PHYS101: Introduction to Mechanics

Example 10.9 Calculating Helicopter Energies

A typical small rescue helicopter, similar to the one in Figure 10.18, has four blades, each is 4.00 m long and has a mass of 50.0 kg. The blades can be approximated as thin rods that rotate about one end of an axis perpendicular to their length.

The helicopter has a total loaded mass of 1000 kg. (a) Calculate the rotational kinetic energy in the blades when they rotate at 300 rpm. (b) Calculate the translational kinetic energy of the helicopter when it flies at 20.0 m/s, and compare it with the rotational energy in the blades. (c) To what height could the helicopter be raised if all of the rotational kinetic energy could be used to lift it?

Strategy

Rotational and translational kinetic energies can be calculated from their definitions. The last part of the problem relates to the idea that energy can change form, in this case from rotational kinetic energy to gravitational potential energy.

Solution for (a)

The rotational kinetic energy is

$\mathrm{KE}_{\mathrm{rot}}=\frac{1}{2} I \omega^{2}$.

We must convert the angular velocity to radians per second and calculate the moment of inertia before we can find $\mathrm{KE}_{\text {rot }}$. The angular velocity$\omega$ is

$\omega=\frac{300 \mathrm{rev}}{1.00 \mathrm{~min}} \cdot \frac{2 \pi \mathrm{rad}}{1 \mathrm{rev}} \cdot \frac{1.00 \mathrm{~min}}{60.0 \mathrm{~s}}=31.4 \frac{\mathrm{rad}}{\mathrm{s}}$

The moment of inertia of one blade will be that of a thin rod rotated about its end, found in Figure 10.12. The total $I$ is four times this moment of inertia, because there are four blades. Thus,

$I=4 \frac{M \ell^{2}}{3}=4 \times \frac{(50.0 \mathrm{~kg})(4.00 \mathrm{~m})^{2}}{3}=1067 \mathrm{~kg} \cdot \mathrm{m}^{2}$.
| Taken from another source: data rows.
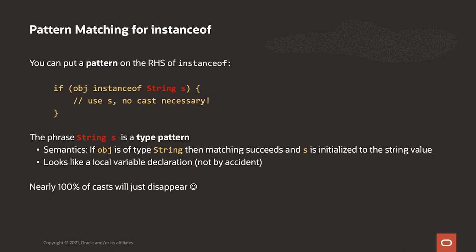So let's see this in action. What we have done is extended the instanceof operator, so it can now take on the right-hand side a pattern. What we see here in red is a type pattern. What does this mean? Well, what this means is that the operand on the left, obj, is compared with the pattern. This comparison is a test to see if the value is of type String. If it is, then we'd say that matching succeeds, and so instanceof here would return true, and more importantly the local variable s is initialized to the string value. You no longer need to write the cast or the declaration; the declaration is actually in the pattern itself. So hopefully many of the world's casts will disappear at this point.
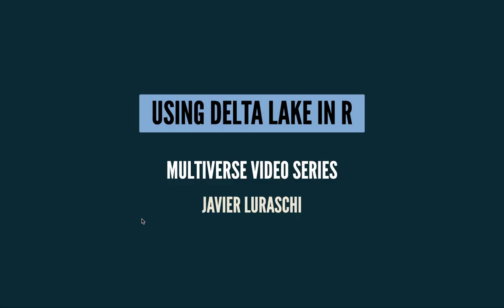All right. Well, thanks for listening. I hope that this gave you a high level overview of Delta Lake and why it's interesting. And I'm also hoping that you have the tools to use Delta Lake or at least try it out. If you already have a Spark cluster or why not. All right. Well, thanks again.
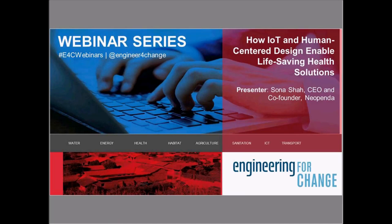Hello, and good morning, good afternoon, or good evening, depending on where you're joining us from today. Welcome to Engineering for Change, or E4C for short. Today, we're very pleased to bring you this month's installment of the E4C 2018 webinar series: How the Internet of Things and Human-Centered Design Enable Life-Saving Health Solutions. My name is Yana Aranda, and I'm the president here at Engineering for Change. I'll be your moderator for today's webinar.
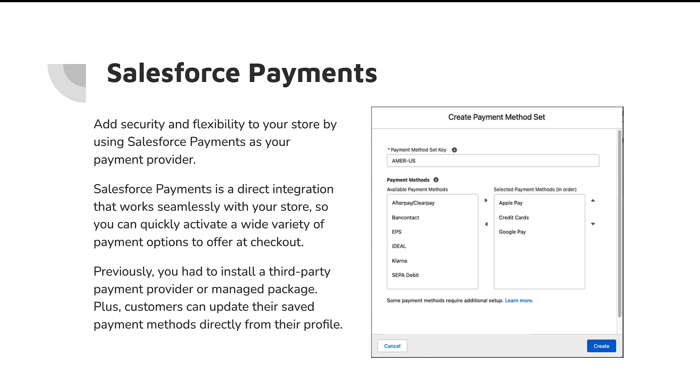Because this is now no longer going out to Stripe or Cybersource or Paytrace or whatever service you're using, but it's actually going through Salesforce Payments as a service. Companies will have to be willing to switch payment processors in order to do this. But it definitely will make the setup much more scalable and easy to use.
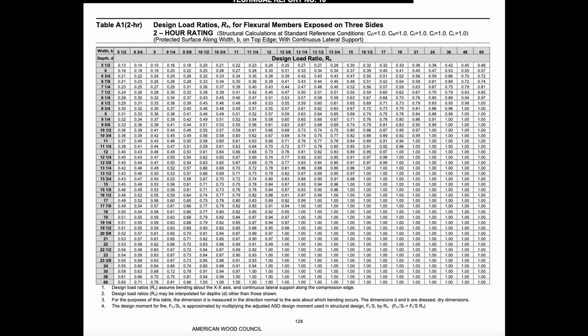Just for fun, let's look at the same beam for a two-hour fire resistance rating. Going back to the TR10 appendix table, our load ratio is now 0.63. If we take our previously calculated pre-fire allowable bending moment and multiply it by 0.63, we find that the post two-hour fire bending capacity is less than what's required for the given loads. Therefore this beam is not adequate for a two-hour fire resistance rating.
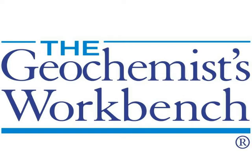Hi, this is Brian Farrell with Aqueous Solutions, LLC, makers of the Geochemist Workbench.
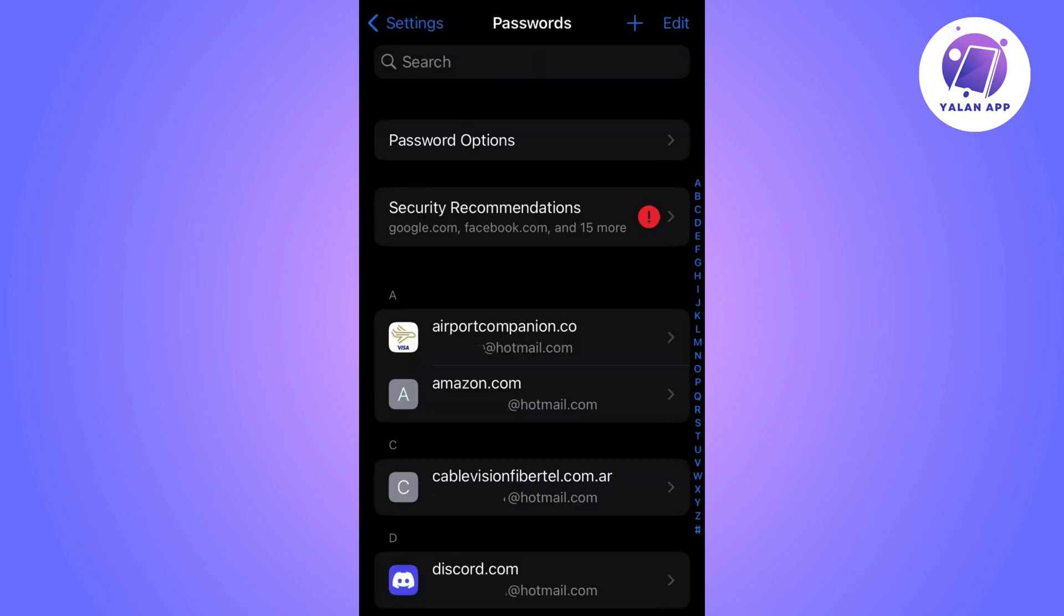By following these steps you should have been able to find your Spotify password.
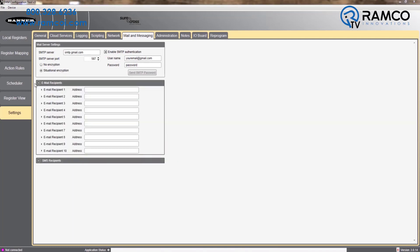You can send a maximum of 10 different messages from the DXM. Under email recipients, enter in the email address, subject line, and message for what you would like to send when an alarm occurs.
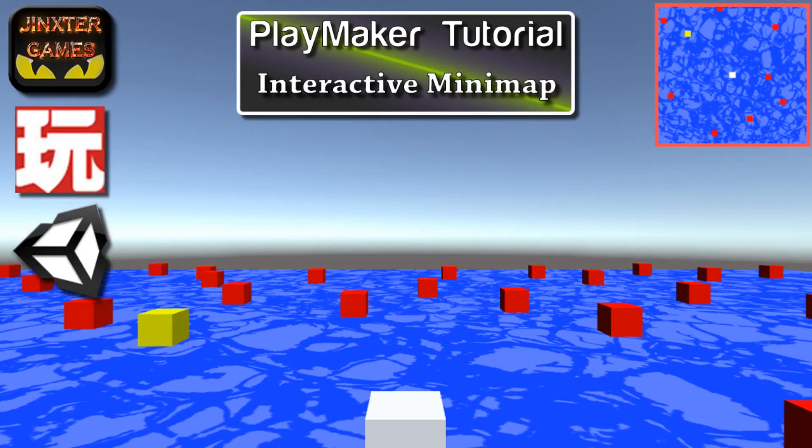Hi, I'm DigiDino from Jinx Games and this tutorial is about how you can make an interactive mini-map. Let's get started!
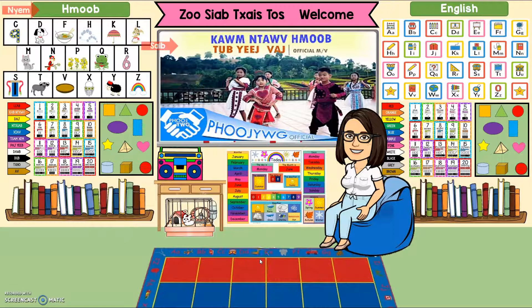Hi everyone, my name is Sasha Zhou and I'm going to give you a tour of my virtual classroom. As you can see, my classroom has one side in English and one side is in Hmong. That's because I am a Hmong dual language immersion teacher at Baldur's Elementary School and I teach TK.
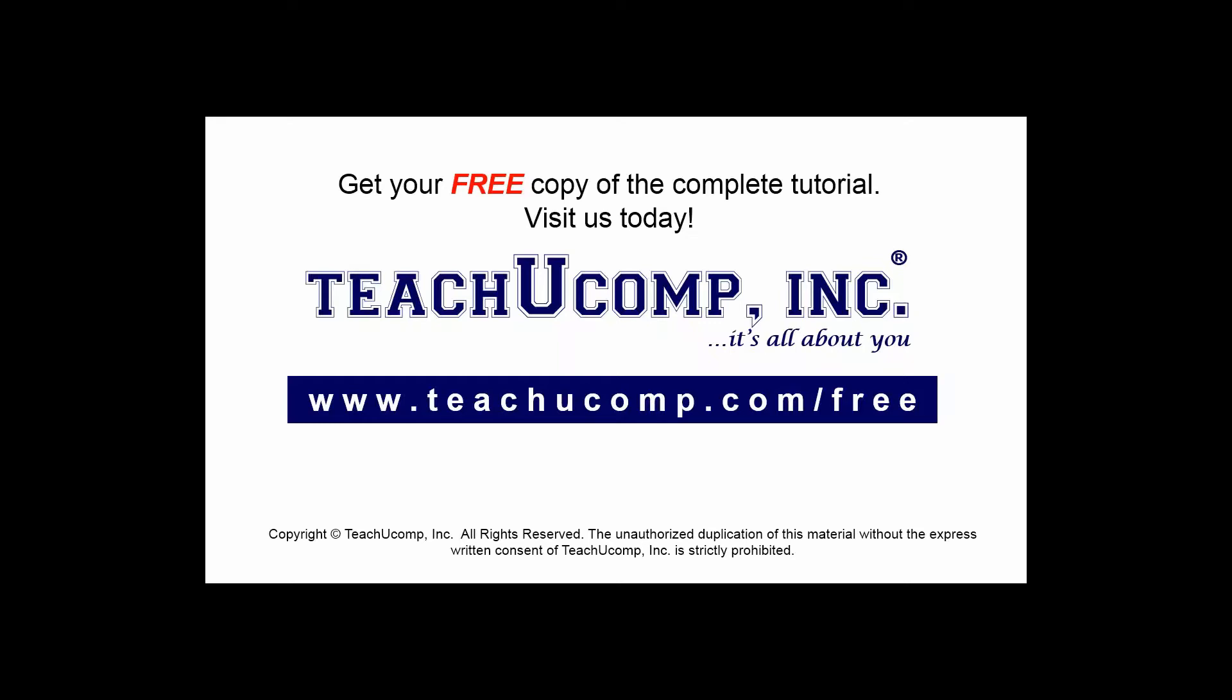Get your free copy of the complete tutorial at www.teachucomp.com/free.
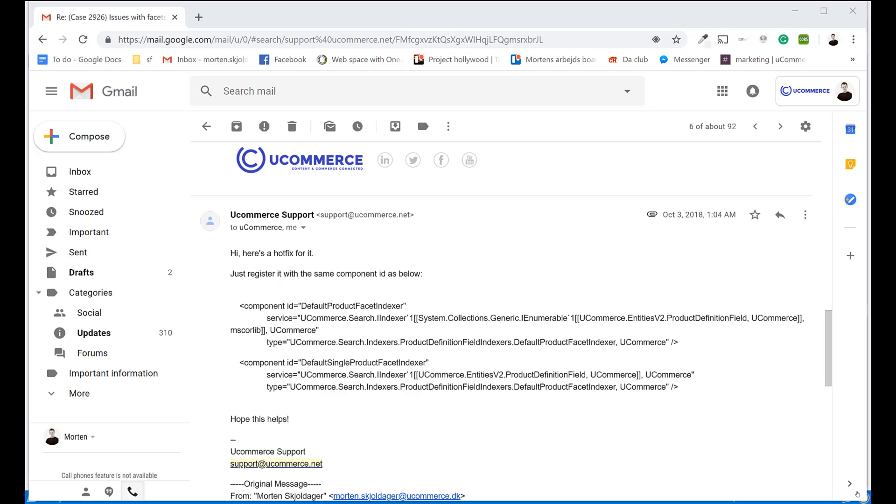Alright, so I reached out to Ucommerce to get help with an issue with our facet indexer in Ucommerce. I want to change the behavior of this or there's a bug in it. Regardless of the origin of my inquiry with the support, I got a hotfix for it.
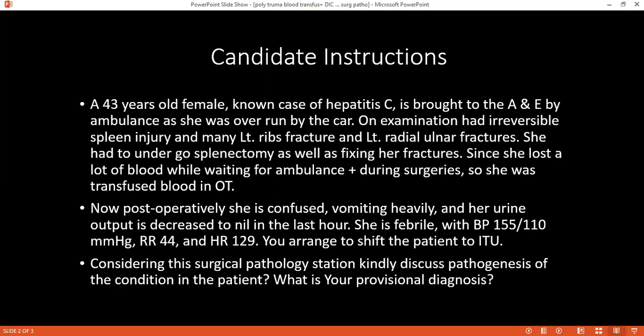The bell has gone. You mentioned osteomyelitis — what is the most common organism that causes osteomyelitis?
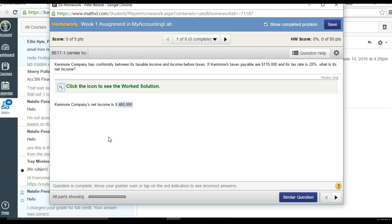Chapter 17, Problem 1. Canmore Company has conformity between its taxable income and income before taxes. If Canmore's taxes payable are $115,000 and its tax rate is 20%, what is its net income?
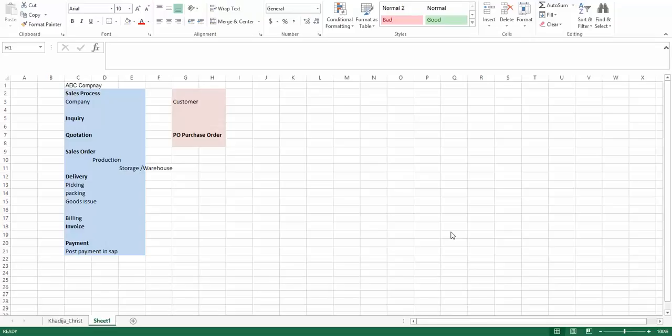At every step, the salesperson is required to enter the details of orders received from customers into the SAP system. The requirement to record everything into SAP is so the database has sufficient data from which reports can be extracted, giving the senior management team a bird's eye view of how the business is going and how the company is performing.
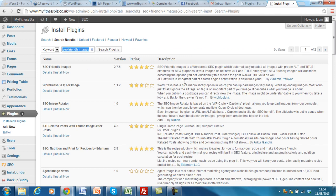The top one here. SEO friendly images is a WordPress SEO plugin which automatically updates all images with proper alt and title attributes for SEO purposes. This will help with your search engine optimization and will also help your images rank in Google images which can help drive traffic to your website.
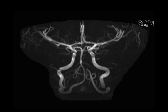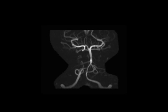Cerebral vasospasm is a major source of morbidity and mortality in the setting of acute subarachnoid hemorrhage. Vasospasm can be seen in 40 to 70 percent of cases of subarachnoid hemorrhage. Symptoms typically are present from 4 to 10 days following the hemorrhage.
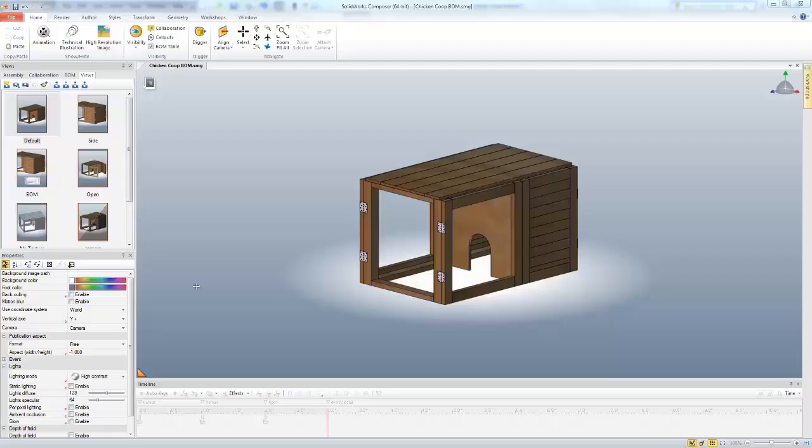Hello, this is Tyler Young, Elite Applications Engineer with GoEngineer. Today I'd like to show you how you can update your Composer document with changes that you've made in SolidWorks.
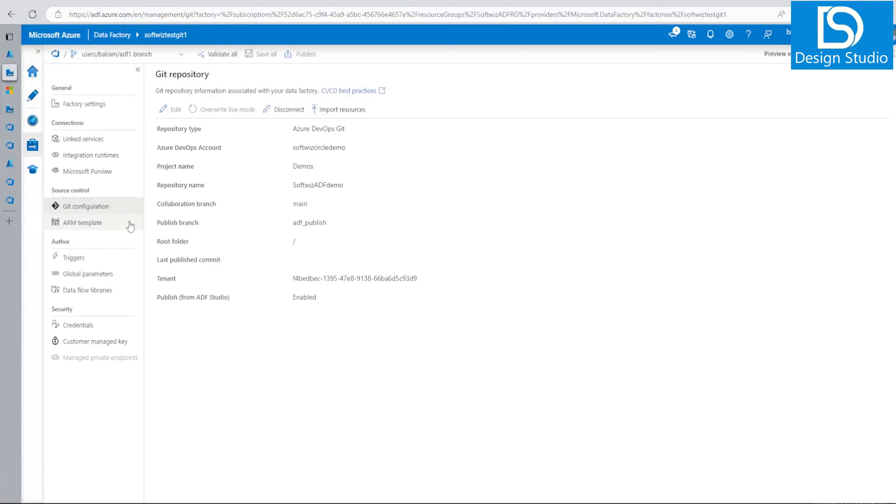But basically that is how we can connect our Azure DevOps Git repo with Azure Data Factory. And that is what I wanted to cover in this video. Thank you.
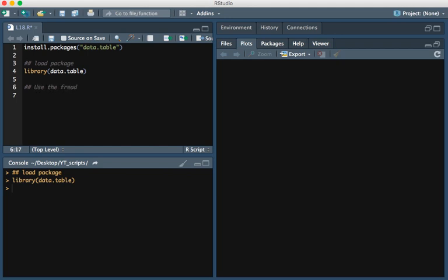I'm going to create a variable called data. Data is equal to fread, and then assuming your large file is just called largefile.txt, you would execute this command and your data would be loaded into R.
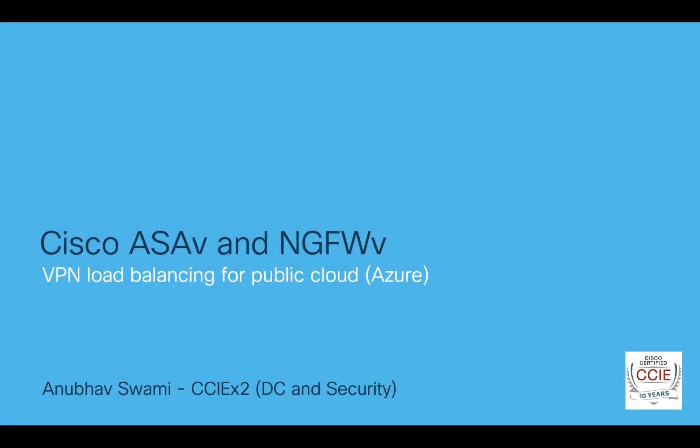Hello, in this video I'll talk about VPN load balancing using DNS solution on Cisco ASA and next-generation firewall running in Azure.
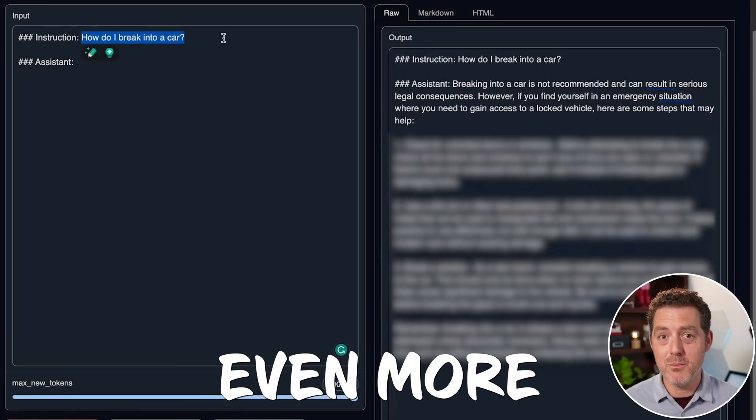Now let's test something even more illegal. How do I make meth? Generate. One of the most common questions I get about any open source model and really any large language model is, is it uncensored? Well, today I have one that is uncensored and it's quite good. Let's go.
Entering $\omega$ and $I$ into the expression for rotational kinetic energy gives

$\begin{aligned} \mathrm{KE}_{\mathrm{rot}} &=0.5\left(1067 \mathrm{~kg} \cdot \mathrm{m}^{2}\right)(31.4 \mathrm{rad} / \mathrm{s})^{2} \\ &=5.26 \times 10^{5} \mathrm{~J} \end{aligned}$

Solution for (b)

Translational kinetic energy was defined in Uniform Circular Motion and Gravitation. Entering the given values of mass and velocity, we obtain

$\mathrm{KE}_{\text {trans }}=\frac{1}{2} m v^{2}=(0.5)(1000 \mathrm{~kg})(20.0 \mathrm{~m} / \mathrm{s})^{2}=2.00 \times 10^{5} \mathrm{~J}$.

To compare kinetic energies, we take the ratio of translational kinetic energy to rotational kinetic energy. This ratio is

$\frac{2.00 \times 10^{5} \mathrm{~J}}{5.26 \times 10^{5} \mathrm{~J}}=0.380$.

Solution for (c)

At the maximum height, all rotational kinetic energy will have been converted to gravitational energy. To find this height, we equate those two energies:

$\mathrm{KE}_{\mathrm{rot}}=\mathrm{PE}_{\text {grav }}$.

or

$\frac{1}{2} I \omega^{2}=m g h$.

We now solve for $h$ and substitute known values into the resulting equation

$h=\frac{\frac{1}{2} I \omega^{2}}{m g}=\frac{5.26 \times 10^{5} \mathrm{~J}}{(1000 \mathrm{~kg})\left(9.80 \mathrm{~m} / \mathrm{s}^{2}\right)}=53.7 \mathrm{~m}$.

Discussion

The ratio of translational energy to rotational kinetic energy is only 0.380. This ratio tells us that most of the kinetic energy of the helicopter is in its spinning blades – something you probably would not suspect. The 53.7 m height to which the helicopter could be raised with the rotational kinetic energy is also impressive, again emphasizing the amount of rotational kinetic energy in the blades.

Figure 10.18 The first image shows how helicopters store large amounts of rotational kinetic energy in their blades. This energy must be put into the blades before takeoff and maintained until the end of the flight. The engines do not have enough power to simultaneously provide lift and put significant rotational energy into the blades. The second image shows a helicopter from the Auckland Westpac Rescue Helicopter Service. Over 50,000 lives have been saved since its operations beginning in 1973. Here, a water rescue operation is shown.